Leadership today is about guiding through uncertainty, encouraging learning, and modeling adaptability. Great leaders do this by asking more than they answer, experimenting with their teams, and staying humble about what they still need to learn.

One leader I know told me how her job used to be all about control—approvals, processes, and decisions. Now, she spends her time bringing teammates together to talk about what’s working, what’s not, and what they’re learning. She still sets the direction, but the work is more collaborative and more human. 

And there’s another part to this, which is empathy. When teams are adapting and learning constantly, they need leaders who understand what they’re going through, not just push for performance. Emotional intelligence isn’t just nice to have anymore. It’s a non-negotiable.

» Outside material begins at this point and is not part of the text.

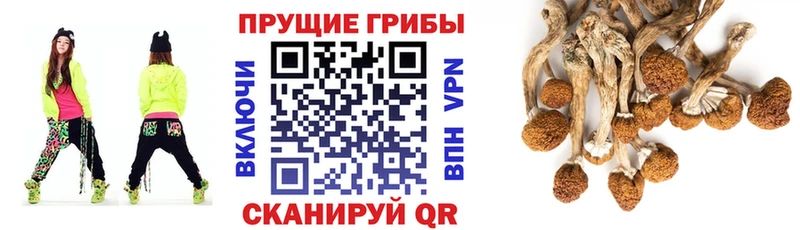 Галлюциногенные грибы Cubensis блэк спрут маркетплейс Нижнекамск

Through all of this, humility is what ties it together. Admitting you don’t know everything opens the door to learning which might be the most important leadership lesson of all.

__________

We’ve been here before. When people left farms for factories, it wasn’t easy. When they left factories for offices, it felt just as uncertain. Each shift brought discomfort, but each time, new opportunities emerged for those willing to grow.

The same is true now. Technology will change the way we work, just as machines once changed the way we farmed. The future won’t belong to those who cling to what was, but to those who stay curious, keep learning, and lead with humility. That’s how people and technology will not only coexist but thrive together and create possibilities we can’t yet imagine.